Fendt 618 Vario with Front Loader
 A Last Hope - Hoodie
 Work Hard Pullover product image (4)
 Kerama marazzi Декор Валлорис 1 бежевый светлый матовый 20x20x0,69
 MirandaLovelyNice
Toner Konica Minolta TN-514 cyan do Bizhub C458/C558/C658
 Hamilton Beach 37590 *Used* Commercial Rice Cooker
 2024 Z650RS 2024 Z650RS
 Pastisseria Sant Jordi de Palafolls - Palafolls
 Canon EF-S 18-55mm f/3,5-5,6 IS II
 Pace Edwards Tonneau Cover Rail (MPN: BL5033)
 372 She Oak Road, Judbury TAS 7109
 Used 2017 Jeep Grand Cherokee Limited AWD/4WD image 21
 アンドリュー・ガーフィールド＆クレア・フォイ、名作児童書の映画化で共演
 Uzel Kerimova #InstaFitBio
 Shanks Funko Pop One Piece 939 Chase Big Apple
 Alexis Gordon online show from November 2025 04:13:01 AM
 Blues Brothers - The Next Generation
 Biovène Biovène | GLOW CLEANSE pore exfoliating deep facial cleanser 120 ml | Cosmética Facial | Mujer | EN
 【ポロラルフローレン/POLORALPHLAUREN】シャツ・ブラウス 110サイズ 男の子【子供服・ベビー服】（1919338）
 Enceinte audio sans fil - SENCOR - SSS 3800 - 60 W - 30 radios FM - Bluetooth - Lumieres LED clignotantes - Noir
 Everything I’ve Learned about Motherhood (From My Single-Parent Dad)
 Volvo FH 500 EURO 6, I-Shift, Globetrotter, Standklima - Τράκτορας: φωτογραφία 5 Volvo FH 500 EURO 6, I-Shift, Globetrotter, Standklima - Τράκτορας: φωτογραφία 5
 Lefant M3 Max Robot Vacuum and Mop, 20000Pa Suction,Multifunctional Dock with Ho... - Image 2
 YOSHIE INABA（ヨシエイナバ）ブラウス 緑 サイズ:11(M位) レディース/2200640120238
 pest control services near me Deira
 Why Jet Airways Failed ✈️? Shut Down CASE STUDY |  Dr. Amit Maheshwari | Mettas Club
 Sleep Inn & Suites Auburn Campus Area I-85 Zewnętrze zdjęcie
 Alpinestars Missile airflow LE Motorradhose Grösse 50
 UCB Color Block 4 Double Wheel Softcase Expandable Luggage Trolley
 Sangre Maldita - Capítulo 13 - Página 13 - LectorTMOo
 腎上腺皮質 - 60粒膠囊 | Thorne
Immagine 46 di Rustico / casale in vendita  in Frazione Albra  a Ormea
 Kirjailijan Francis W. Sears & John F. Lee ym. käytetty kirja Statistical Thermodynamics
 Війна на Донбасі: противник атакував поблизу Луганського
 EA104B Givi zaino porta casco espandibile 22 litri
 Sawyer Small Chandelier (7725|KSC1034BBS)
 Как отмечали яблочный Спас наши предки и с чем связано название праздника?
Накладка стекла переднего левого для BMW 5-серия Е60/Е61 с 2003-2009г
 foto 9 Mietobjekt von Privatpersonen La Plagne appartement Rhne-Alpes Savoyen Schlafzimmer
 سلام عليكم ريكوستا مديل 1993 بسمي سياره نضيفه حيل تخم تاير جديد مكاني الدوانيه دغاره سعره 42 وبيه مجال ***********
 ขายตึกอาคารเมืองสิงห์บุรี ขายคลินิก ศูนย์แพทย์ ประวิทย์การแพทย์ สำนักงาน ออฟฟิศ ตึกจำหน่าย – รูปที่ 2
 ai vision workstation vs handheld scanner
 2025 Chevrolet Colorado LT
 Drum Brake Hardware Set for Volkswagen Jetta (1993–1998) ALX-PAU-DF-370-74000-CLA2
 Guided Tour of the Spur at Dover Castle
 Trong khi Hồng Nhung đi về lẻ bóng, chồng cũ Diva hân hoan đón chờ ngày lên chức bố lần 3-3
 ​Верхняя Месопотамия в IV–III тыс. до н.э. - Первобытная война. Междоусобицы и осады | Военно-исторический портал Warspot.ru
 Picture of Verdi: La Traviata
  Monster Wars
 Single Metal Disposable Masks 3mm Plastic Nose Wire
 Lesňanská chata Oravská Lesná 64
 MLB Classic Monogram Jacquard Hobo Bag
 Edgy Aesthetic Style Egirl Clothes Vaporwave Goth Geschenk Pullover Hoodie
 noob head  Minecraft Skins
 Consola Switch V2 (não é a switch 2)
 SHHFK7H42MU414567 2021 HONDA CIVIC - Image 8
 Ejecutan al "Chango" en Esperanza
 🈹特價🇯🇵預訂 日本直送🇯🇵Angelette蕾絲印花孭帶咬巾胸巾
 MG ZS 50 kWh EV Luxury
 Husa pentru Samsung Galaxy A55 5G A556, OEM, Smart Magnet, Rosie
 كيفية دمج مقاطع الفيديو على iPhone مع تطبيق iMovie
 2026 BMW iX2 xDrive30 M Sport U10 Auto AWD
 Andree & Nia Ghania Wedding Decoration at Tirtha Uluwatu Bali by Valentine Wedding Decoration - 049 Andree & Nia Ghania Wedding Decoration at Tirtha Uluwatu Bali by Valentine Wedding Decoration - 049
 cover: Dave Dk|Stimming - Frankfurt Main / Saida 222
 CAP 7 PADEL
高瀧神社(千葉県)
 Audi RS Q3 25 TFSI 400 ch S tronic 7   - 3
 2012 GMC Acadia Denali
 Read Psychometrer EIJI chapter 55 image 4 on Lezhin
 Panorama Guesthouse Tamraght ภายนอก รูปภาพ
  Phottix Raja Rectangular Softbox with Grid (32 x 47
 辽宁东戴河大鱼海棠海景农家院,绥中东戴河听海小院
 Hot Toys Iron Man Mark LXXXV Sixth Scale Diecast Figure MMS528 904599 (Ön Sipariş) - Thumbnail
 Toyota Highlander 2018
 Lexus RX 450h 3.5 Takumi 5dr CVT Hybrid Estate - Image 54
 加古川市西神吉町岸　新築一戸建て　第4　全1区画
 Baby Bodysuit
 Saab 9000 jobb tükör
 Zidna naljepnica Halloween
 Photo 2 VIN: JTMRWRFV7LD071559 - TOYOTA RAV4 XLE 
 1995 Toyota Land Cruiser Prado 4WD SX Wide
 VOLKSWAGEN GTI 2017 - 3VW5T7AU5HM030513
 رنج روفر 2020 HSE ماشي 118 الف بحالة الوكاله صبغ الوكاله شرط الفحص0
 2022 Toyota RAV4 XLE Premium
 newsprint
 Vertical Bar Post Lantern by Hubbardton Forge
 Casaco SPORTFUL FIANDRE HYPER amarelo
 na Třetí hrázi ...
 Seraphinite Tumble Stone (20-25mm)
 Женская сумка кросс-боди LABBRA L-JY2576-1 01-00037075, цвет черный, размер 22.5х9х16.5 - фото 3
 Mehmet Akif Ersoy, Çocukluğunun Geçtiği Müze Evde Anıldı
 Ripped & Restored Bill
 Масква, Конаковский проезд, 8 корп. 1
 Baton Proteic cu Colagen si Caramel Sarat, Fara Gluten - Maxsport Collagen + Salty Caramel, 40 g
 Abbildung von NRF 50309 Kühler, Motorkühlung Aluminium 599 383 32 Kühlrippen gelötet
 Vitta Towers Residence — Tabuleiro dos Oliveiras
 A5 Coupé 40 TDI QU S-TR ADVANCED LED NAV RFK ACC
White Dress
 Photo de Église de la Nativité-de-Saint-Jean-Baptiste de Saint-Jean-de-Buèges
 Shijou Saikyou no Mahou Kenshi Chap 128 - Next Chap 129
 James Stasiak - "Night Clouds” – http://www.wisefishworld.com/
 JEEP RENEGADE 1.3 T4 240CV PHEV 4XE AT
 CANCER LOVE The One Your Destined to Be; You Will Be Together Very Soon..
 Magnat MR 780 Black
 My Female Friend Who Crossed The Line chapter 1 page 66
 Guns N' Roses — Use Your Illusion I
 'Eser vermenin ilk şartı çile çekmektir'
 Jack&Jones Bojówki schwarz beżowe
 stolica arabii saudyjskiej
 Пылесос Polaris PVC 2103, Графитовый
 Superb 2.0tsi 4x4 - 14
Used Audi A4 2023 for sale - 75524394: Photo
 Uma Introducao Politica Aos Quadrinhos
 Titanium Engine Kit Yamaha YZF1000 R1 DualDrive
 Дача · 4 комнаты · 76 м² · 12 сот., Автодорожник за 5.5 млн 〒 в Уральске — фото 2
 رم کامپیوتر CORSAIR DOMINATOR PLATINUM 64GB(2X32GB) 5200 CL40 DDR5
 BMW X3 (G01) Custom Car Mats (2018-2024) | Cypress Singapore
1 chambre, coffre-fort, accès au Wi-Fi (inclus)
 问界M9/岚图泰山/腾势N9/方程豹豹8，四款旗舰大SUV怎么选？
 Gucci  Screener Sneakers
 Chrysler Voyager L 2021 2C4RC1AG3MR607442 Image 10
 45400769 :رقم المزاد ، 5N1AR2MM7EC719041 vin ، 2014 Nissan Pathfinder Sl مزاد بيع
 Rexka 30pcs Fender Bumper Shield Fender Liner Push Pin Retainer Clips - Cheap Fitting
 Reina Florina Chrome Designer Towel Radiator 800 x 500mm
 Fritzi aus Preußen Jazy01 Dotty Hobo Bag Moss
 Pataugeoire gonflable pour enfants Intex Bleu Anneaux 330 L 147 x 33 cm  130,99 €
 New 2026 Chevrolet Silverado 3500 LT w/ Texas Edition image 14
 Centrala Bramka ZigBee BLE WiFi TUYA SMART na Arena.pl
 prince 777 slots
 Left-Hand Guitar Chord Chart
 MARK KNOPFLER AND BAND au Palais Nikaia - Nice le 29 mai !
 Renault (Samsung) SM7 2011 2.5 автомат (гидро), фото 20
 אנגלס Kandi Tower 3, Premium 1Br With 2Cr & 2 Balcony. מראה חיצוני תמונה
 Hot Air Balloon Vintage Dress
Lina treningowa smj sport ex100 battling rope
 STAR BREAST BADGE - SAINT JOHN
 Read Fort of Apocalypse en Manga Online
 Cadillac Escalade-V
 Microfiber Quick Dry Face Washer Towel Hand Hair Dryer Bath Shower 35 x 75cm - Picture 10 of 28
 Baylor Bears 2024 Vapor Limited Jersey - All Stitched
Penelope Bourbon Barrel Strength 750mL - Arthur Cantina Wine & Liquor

What you have to do> Could you restate word for word the lines above, from the one that contains "Used 2017 Jeep" through the one that contains "Blues Brothers - The Next Generation", and no others?

Result of the exercise>
 Used 2017 Jeep Grand Cherokee Limited AWD/4WD image 21
 アンドリュー・ガーフィールド＆クレア・フォイ、名作児童書の映画化で共演
 Uzel Kerimova #InstaFitBio
 Shanks Funko Pop One Piece 939 Chase Big Apple
 Alexis Gordon online show from November 2025 04:13:01 AM
 Blues Brothers - The Next Generation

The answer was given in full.